» ASSIGNMENT
Would you transcribe exactly the lines from the one containing "Jaguar F-Type Project 7" to the last line of the data below, both ends included, but none of the pictures?

——————

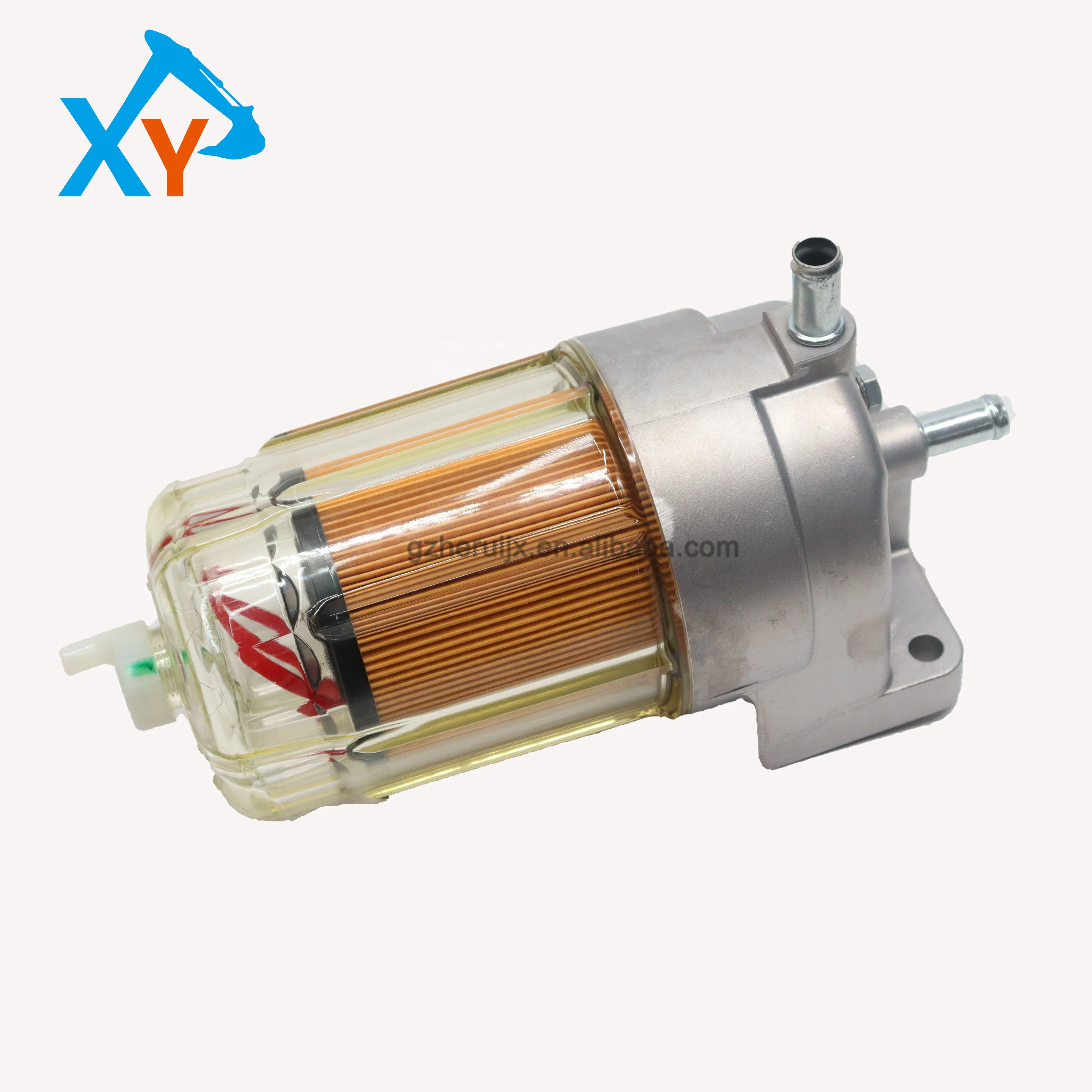 High-quality Hitachi Fuel Filters for Construction Machinery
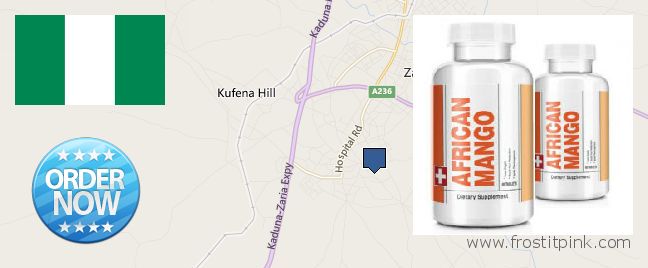 Where to Buy African Mango Extract Pills online Zaria, Nigeria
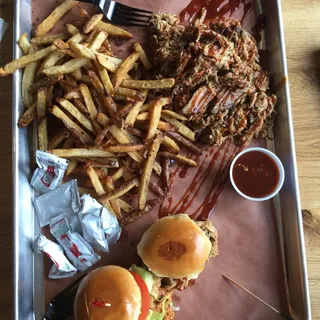 Pulled Pork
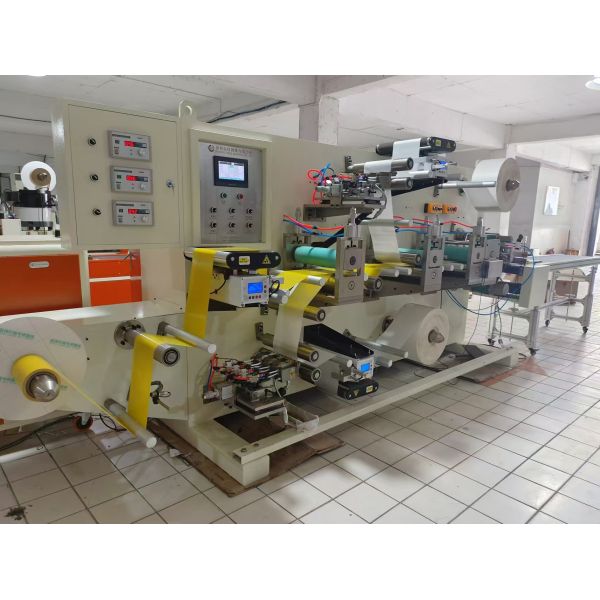 300mm 450mm 600mm Yellow Sticky Glue Trap Board Making Machine For Agriculture
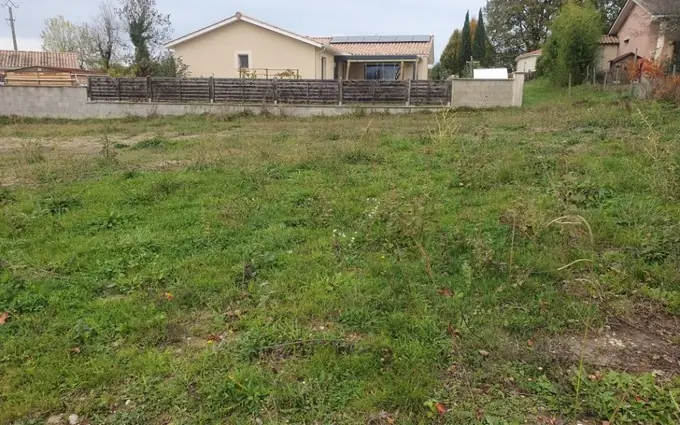 Programme immobilier neuf Terrain à partir de 364m² à la lande-de-fronsac à La Lande-de-Fronsac (33240)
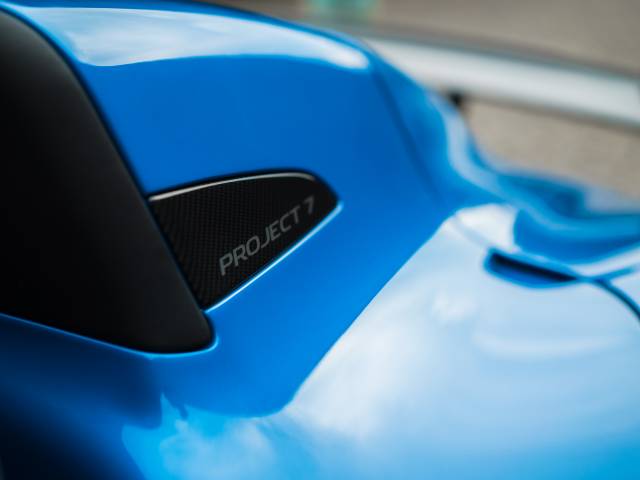 Jaguar F-Type Project 7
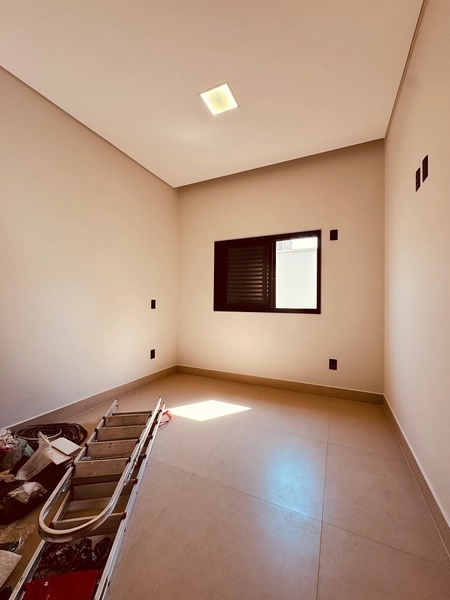 Casa nova de 3 Dormitórios no Condomínio Reserva Aquarela em São Carlos/SP.: 20ª foto da galeria de imagens do imóvel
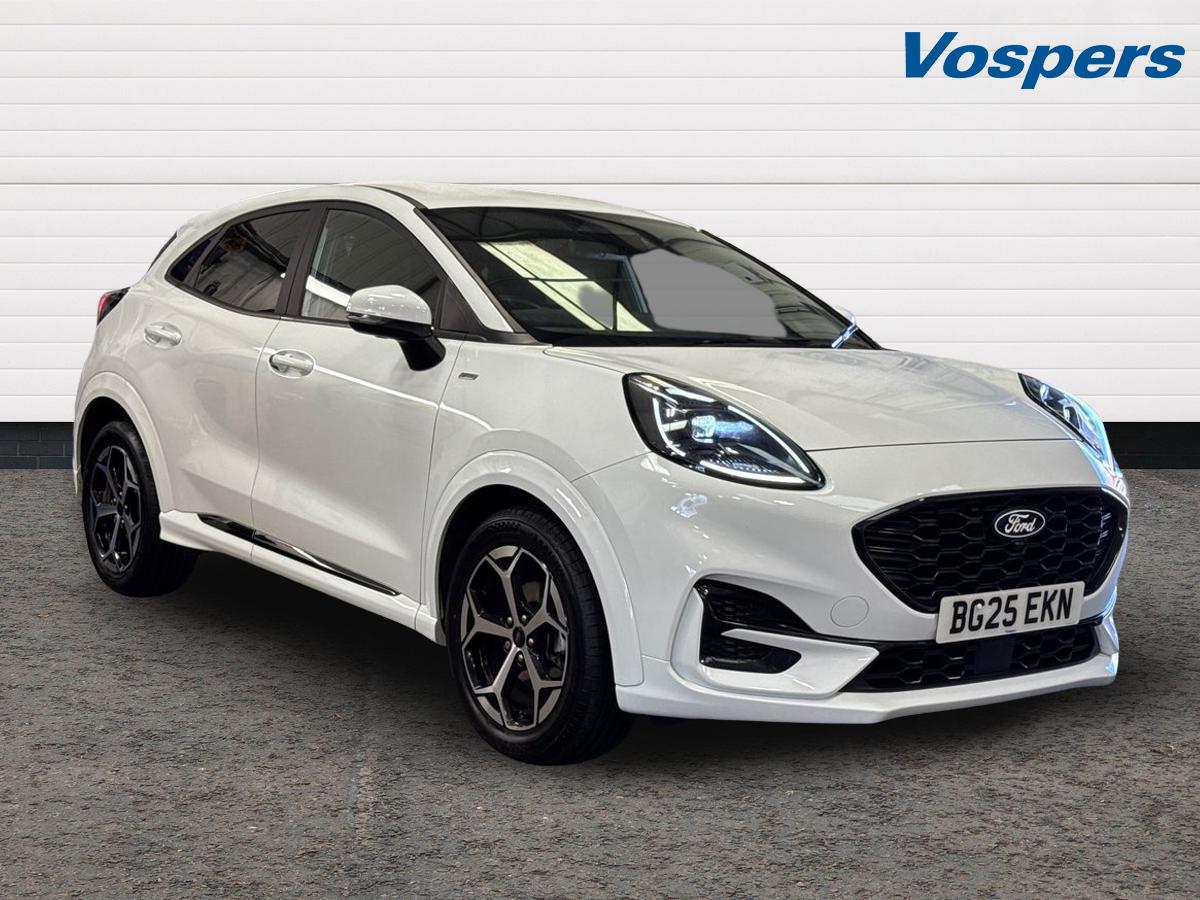 Main listing image - Ford Puma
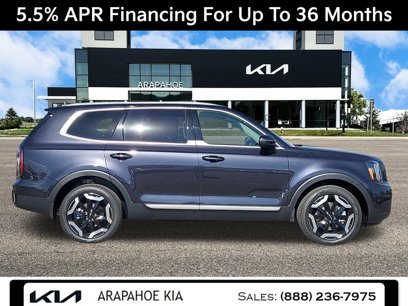 New 2025 Kia Telluride EX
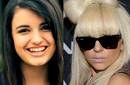 Lady Gaga superada por Rebecca Black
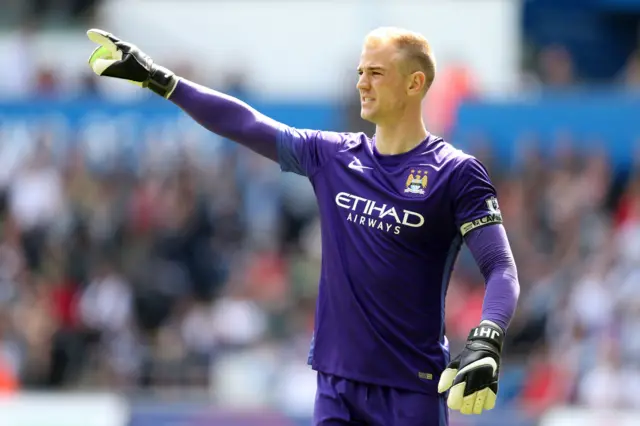 Joe Hart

——————

» RESULT FOR THIS TASK
 Jaguar F-Type Project 7
 Casa nova de 3 Dormitórios no Condomínio Reserva Aquarela em São Carlos/SP.: 20ª foto da galeria de imagens do imóvel
 Main listing image - Ford Puma
 New 2025 Kia Telluride EX
 Lady Gaga superada por Rebecca Black
 Joe Hart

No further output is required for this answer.